Commonly in existential literature the author will use a persona similar to themselves. They usually share goals, ideas, and life experiences. This persona is used to convey the author’s message through their stories. Both Sartre and Beauvoir are known for using protagonists as well as other characters that are directly from their lives. Sartre’s Nausea is filled with characters from his life. The persona in the these novels serve to convey the thoughts and principals of the authors who created them. The word person means “mask” in Latin. Existential writers are not try to cover up themselves, but rather provide a relatable characters to better convey their message. By using a protagonist so similar to their actual personality, they can provide a level of level expertise that would not have otherwise been possible. The persona is given the ideas of the authors as well as the background and intellect of the author. This high level of information give the protagonist more credibility, making the intended message more relatable and believable. 

The mood of Existentialism is considered dark and hopeless. The absence of an authoritative power gives a sense of desperation when people realize they have nothing to lean on. Existentialist writers argue that Existentialism is not hopeless, but rather hopeful and very positive. Having options and controlling your own destiny put the power where it belongs: in the hands of the individual. By abandoning the traditional avenues of power and hope, many new opportunities will become available. Relying on outside forces for hope and guidance has been proven problematic in many existential writings. Both Fear and Trembling and The Concept of Dread by Kierkegaard offer an explanation for the despair associated with existentialism. Many people often neglect to realize that the despair in these books are followed by a hopeful message. This message is usually how to give life meaning through actions. Hemingway’s short stories give examples on how to giving meaning to life. In A Clean, Well-Lighted Place, the waiters converse about an old man who comes in the café every day.
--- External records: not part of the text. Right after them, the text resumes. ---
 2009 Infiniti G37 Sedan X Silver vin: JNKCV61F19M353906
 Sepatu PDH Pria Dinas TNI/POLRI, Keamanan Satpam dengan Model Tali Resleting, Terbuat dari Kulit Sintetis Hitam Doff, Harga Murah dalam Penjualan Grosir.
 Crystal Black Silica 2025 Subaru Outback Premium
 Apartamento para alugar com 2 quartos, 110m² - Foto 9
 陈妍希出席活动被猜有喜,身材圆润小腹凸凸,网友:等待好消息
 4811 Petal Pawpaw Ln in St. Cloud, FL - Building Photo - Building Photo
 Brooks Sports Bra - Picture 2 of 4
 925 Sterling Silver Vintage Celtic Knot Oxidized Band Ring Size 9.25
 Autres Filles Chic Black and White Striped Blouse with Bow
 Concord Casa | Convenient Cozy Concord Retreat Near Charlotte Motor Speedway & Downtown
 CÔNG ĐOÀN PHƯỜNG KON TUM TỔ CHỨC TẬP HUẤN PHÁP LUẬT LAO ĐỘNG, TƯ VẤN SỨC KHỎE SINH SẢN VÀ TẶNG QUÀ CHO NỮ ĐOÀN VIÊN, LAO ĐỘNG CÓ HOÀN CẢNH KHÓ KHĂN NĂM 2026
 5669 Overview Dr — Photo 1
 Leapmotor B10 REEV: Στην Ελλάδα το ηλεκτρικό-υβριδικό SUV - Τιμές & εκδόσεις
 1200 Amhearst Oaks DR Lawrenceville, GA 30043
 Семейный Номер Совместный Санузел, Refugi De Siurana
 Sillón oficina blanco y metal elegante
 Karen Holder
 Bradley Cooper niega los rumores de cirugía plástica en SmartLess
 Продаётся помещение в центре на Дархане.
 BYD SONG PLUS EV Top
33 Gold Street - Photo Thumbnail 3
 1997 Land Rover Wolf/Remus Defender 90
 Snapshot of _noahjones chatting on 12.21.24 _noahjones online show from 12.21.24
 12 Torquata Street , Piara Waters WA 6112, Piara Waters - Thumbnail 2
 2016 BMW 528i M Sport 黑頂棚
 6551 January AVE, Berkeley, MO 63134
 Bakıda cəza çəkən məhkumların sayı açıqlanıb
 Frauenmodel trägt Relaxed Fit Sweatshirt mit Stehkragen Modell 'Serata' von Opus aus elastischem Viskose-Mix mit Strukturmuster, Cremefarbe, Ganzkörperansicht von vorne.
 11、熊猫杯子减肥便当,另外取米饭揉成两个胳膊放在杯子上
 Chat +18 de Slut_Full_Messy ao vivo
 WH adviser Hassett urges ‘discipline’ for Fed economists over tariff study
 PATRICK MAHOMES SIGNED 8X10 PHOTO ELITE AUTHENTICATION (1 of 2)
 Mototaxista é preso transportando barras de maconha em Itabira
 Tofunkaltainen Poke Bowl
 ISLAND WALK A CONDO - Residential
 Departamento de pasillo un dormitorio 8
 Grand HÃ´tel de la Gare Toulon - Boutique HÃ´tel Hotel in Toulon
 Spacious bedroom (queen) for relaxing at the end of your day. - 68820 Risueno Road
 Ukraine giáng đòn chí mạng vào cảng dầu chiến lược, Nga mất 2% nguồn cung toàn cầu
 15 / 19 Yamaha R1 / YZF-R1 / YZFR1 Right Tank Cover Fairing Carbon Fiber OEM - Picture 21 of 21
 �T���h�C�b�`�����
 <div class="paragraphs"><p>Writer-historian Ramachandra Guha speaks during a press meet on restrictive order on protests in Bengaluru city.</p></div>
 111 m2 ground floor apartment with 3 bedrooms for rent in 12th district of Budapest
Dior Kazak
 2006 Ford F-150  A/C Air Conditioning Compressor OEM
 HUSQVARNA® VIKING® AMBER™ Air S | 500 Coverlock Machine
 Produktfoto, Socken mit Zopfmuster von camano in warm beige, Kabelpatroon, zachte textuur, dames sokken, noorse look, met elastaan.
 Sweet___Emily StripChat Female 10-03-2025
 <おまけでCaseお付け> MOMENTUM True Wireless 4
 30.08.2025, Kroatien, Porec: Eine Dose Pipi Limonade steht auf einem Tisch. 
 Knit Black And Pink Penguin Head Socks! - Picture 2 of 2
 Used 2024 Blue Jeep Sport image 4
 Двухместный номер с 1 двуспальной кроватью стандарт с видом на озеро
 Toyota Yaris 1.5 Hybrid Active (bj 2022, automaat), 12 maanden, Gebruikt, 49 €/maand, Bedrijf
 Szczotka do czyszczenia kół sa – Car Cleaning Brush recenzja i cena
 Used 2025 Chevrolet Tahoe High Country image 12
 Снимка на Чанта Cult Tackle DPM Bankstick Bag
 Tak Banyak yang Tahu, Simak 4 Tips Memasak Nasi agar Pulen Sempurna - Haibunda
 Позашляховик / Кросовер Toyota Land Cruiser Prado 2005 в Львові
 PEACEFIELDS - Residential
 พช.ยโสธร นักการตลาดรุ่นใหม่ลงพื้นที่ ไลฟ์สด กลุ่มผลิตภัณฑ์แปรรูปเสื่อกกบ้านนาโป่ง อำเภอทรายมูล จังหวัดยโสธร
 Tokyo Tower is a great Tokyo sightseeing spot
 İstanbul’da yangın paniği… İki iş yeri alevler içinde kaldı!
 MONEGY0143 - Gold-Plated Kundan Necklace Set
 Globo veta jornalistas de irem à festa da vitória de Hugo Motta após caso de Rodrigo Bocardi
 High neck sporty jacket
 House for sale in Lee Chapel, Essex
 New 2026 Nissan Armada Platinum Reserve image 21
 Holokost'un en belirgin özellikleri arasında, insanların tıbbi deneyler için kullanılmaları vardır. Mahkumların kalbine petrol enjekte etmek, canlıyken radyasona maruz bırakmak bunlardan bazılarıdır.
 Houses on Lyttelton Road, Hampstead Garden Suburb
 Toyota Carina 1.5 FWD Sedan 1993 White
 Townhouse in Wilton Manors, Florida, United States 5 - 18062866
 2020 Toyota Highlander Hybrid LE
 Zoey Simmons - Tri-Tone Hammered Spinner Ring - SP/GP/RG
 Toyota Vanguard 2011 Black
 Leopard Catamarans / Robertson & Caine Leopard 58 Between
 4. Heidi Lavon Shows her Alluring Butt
The old man seems to have a meaningless existence, but if the reader looks at the story more closely, they’ll see that the man gives his life meaning through having somewhere comforting to go every day. 

What did he fear? It was not fear or dread, It was a nothing that he knew too well. It was all a nothing and a man was nothing too. It was only that and light was all it needed and a certain cleanness and order. (Thomas, Mitchell, Trussler, 1999, p. 208)

This “fear” and “nothing” represent something infinitely indescribable. They represent the meaning of life, and the emptiness that life can bring. Meaning can be found in anything, and finding this meaning can give life a purpose. 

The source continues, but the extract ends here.